_WHAT THE EXERCISE ASKS_. The output should be every line below, retyped exactly, with no images.

_THE DATA_.
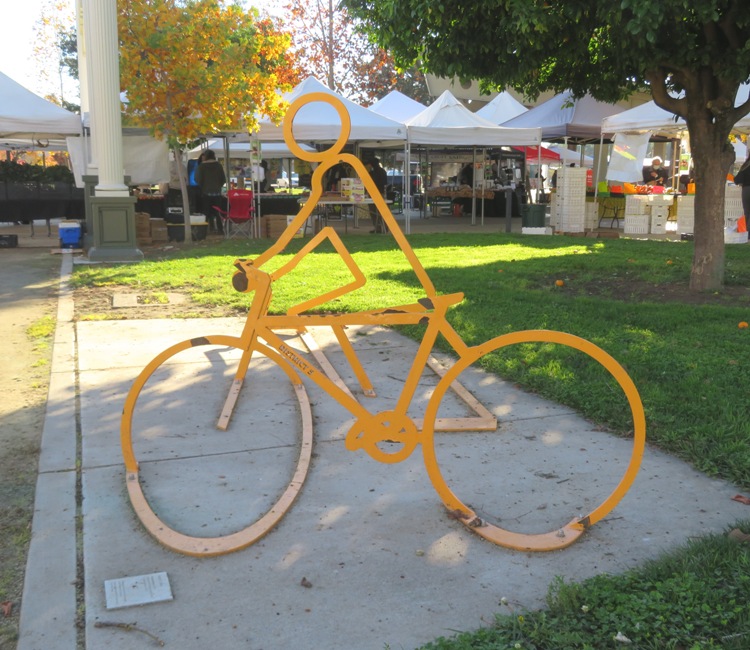 Yellow metal sculture of bicyclist from different angle shows him upright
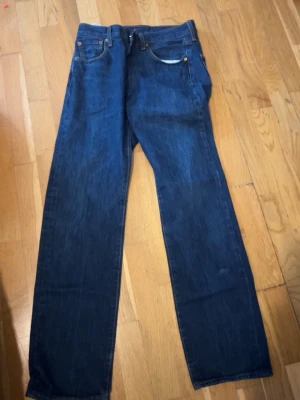 Levi's raka blå jeans w30 - Säljer ett par klassiska blå jeans från Levi's med rak passform. Jeansen har fem fickor, synliga nitar och Levi's ikoniska läderpatch bak i midjan. Tillverkade i slitstark denim med mörkblå tvätt och diskreta sömmar. Perfekta för en avslappnad och tidlös stil.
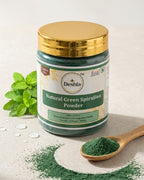 Jar of Deshla Natural Green Spirulina Powder with a spoonful of powder and green leaves on a light background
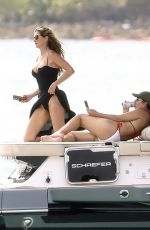 GISELE BUNDCHE in Swimsuit and Joaquim Valente at a Boat Ride with Friends in Miami 03/15/2025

_WRITTEN SOLUTION_.
 Yellow metal sculture of bicyclist from different angle shows him upright
 Levi's raka blå jeans w30 - Säljer ett par klassiska blå jeans från Levi's med rak passform. Jeansen har fem fickor, synliga nitar och Levi's ikoniska läderpatch bak i midjan. Tillverkade i slitstark denim med mörkblå tvätt och diskreta sömmar. Perfekta för en avslappnad och tidlös stil.
 Jar of Deshla Natural Green Spirulina Powder with a spoonful of powder and green leaves on a light background
 GISELE BUNDCHE in Swimsuit and Joaquim Valente at a Boat Ride with Friends in Miami 03/15/2025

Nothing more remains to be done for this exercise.